A language whose name is written after ~lang for a module form: This kind of language receives its module’s body already parsed at the character level into a syntax object. That parsing is performed by the enclosing module’s language.
These two kinds of languages are connected, because the result of a #lang-triggered parser is a module form (although at the Racket level), and so it includes a ~lang reference (or the equivalent at the Racket level). Furthermore, modules that implement a language are typically set up so that the language name works in both contexts, and the #lang use of the name generates a reference to the ~lang form of the name.

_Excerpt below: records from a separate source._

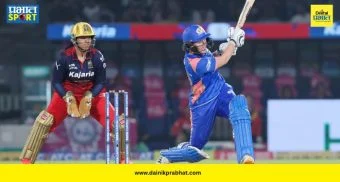 Nat Sciver Brunt Century : १०५७ दिवसांची प्रतीक्षा संपली! नॅट सायव्हर-ब्रंटने ठोकलं WPL इतिहासातील 'पहिलं' शतक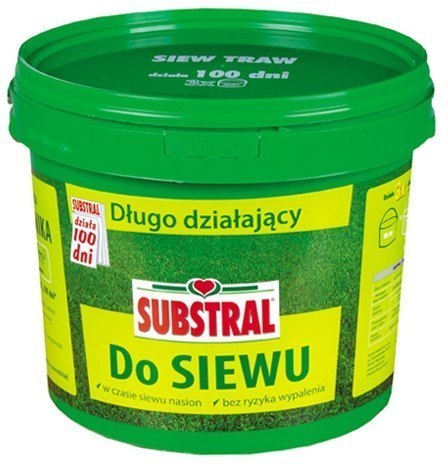 Nawóz Substral 100 Dni Do Siewu Traw 5kg
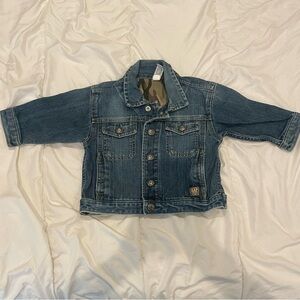 Baby gap demin jacket, 12-18 months. #k86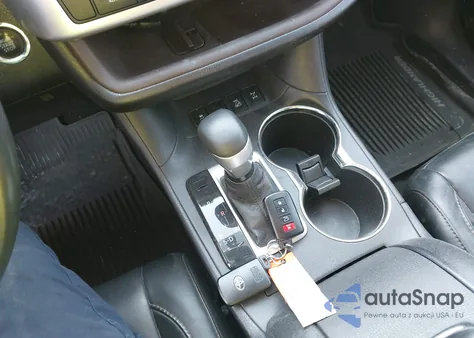 2016 Toyota Highlander Xle V6 из США, поврежденный, VIN 5TDJKRFH2GS506727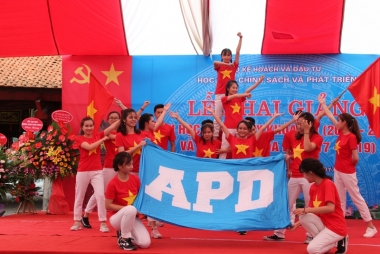 Học viện Chính sách và Phát triển khai giảng năm học 2017-2018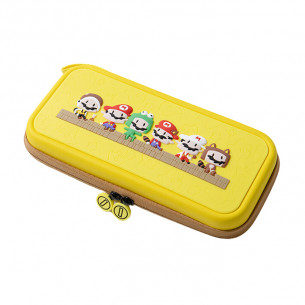 Nintendo Switch Oled Hard Pouch - Mario Collection Nintendo Switch Oled Hard Pouch - Mario Collection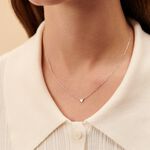Choker necklace WITH LOVE - Silver - All jewellery  | Agatha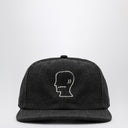 Brain Dead Black Twill Baseball Cap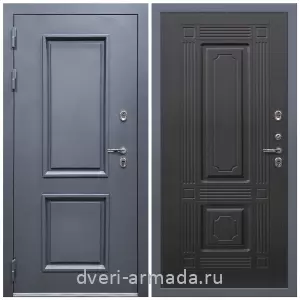 Толстые входные двери, Дверь входная уличная в дом Армада Корса / МДФ 16 мм ФЛ-2 Венге
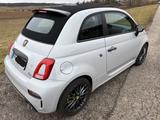 Abarth 695 Cabrio Klima beats Mit Spaß in den Sommer  - Abarth 695C Gebrauchtwagen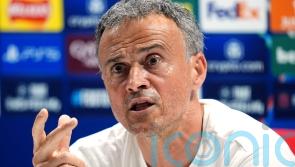 Luis Enrique wants PSG players to go down in history by winning Champions League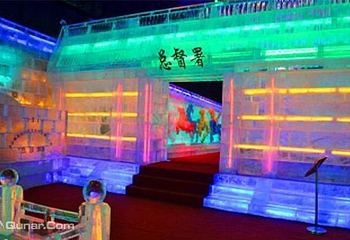 保定国元冰雕大世界第 3 张图片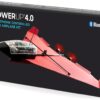 71ZKC2DF6L._AC_SL1500_.jpg POWERUP 4.0 The Next-Generation Smartphone Controlled Paper Airplane Kit, RC Controlled. Easy to Fly with Autopilot & Gyro Stabilizer. for Hobbyists, Pilots, Tinkerers.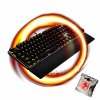 AOC Klawiatura GK500 Mechanical Wired Gaming Keyboard - OUTEMU Red Switches - US International Layout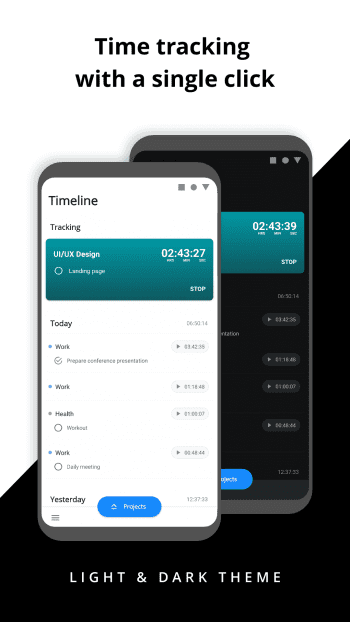 Boosted Time Tracker скриншот № 1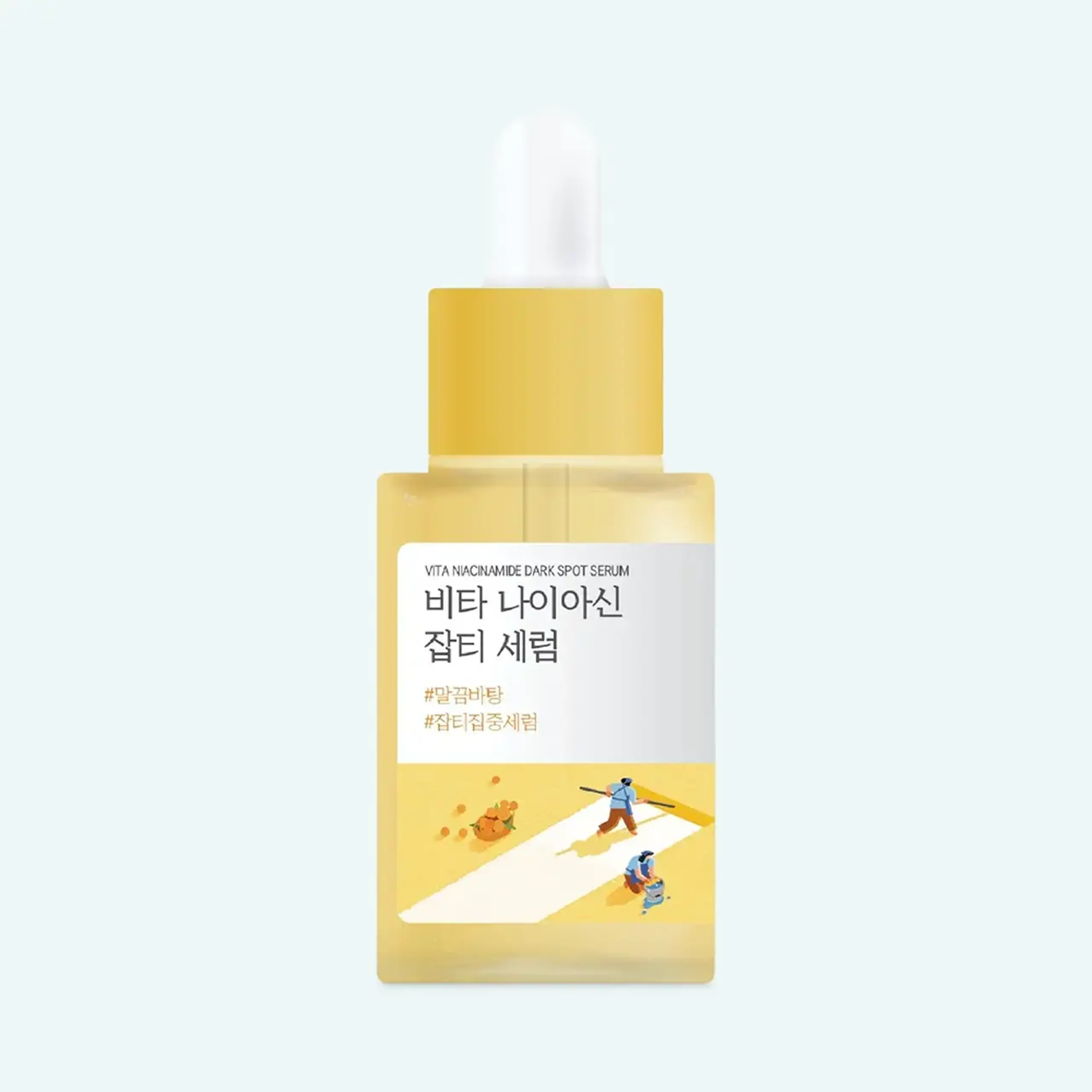 Ser iluminator pentru pete pigmentare ROUND LAB Vita Niacinamide Dark Spot Serum 30 ml
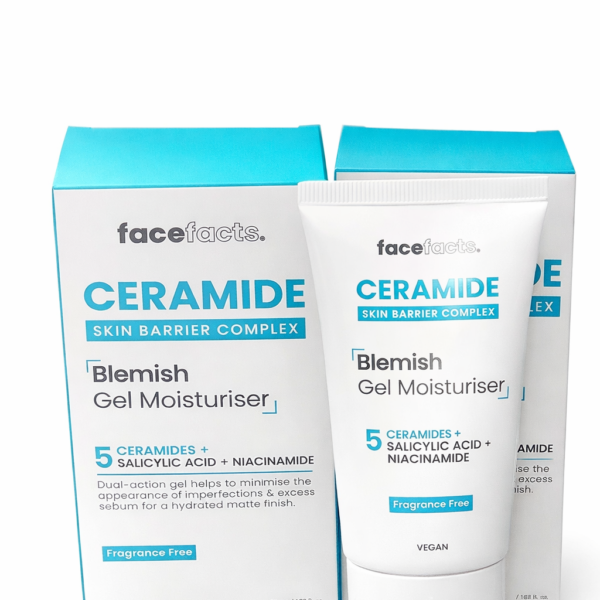 Face fact Ceramide gel moisturizer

For example, rhombus works both after #lang and in module after ~lang, and both uses of the name refer to the same set of bindings.
9.1 Module ~lang Protocol
A module that is intended to be used as a language selected by ~lang in module must export various bindings to work:
#{#%module-begin}: A Racket-level bridge to handle the module body. In a Rhombus-implemented language, this should normally be #{#%module-begin} from rhombus. Using that #{#%module-begin} obliges the module to also export #%module_body.
#%module_body: A Rhombus declaration form that is implicitly wrapped around a module’s body by #{#%module-begin}. The module body is received as a block. Exporting #%module_body from rhombus causes the module body to be treated the same as a sequence of declarations, definitions, and expressions in a rhombus module.

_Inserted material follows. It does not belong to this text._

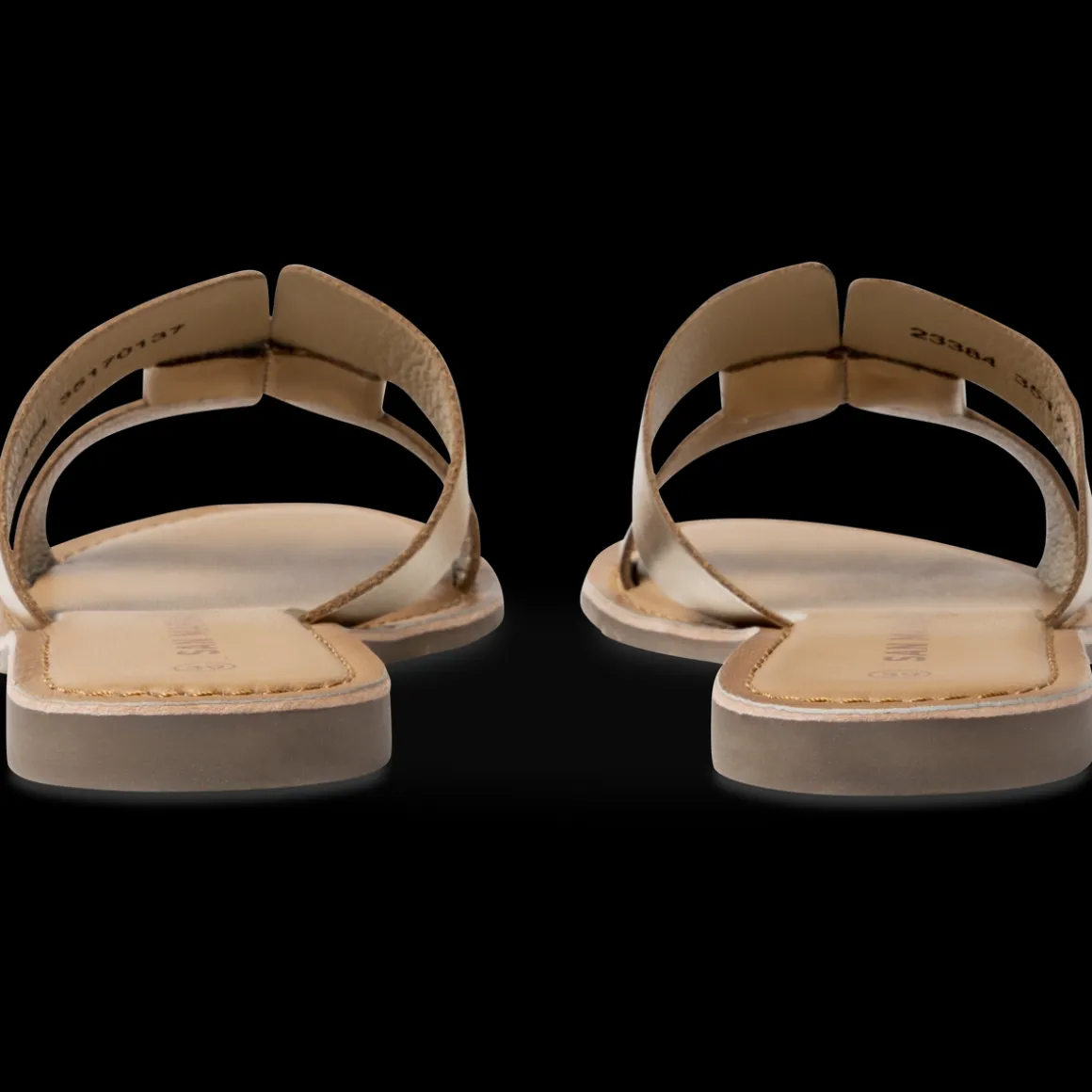 Slippers GOUD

#{#%top-interaction}: A Racket-level bridge to handle forms evaluated in a read-eval-print loop (REPL). REPL evaluation is not mandatory, and if this binding is missing, then interactive evaluation is disabled. In a Rhombus-implemented language, this should normally be #{#%top-interaction} from rhombus. Using that #{#%top-interaction} obliges the module to also export #%interaction (or else interactive evaluation will still be disabled).

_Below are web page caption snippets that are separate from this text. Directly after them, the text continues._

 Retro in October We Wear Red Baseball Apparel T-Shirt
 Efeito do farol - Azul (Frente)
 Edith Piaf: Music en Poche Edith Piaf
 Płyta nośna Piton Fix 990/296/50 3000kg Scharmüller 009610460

#%interaction: A Rhombus declaration form that is implicitly wrapped around interactive evaluation by #{#%top-interaction}. A form sequence o evaluate is received as a block. Exporting #%interaction from rhombus a REPL to work in the same way as for rhombus module.
Other bindings as needed by the language, especially common forms like def and fun and implicit forms like #%call, #%parens, and , #%literal. These bindings, too, are often reexported from rhombus.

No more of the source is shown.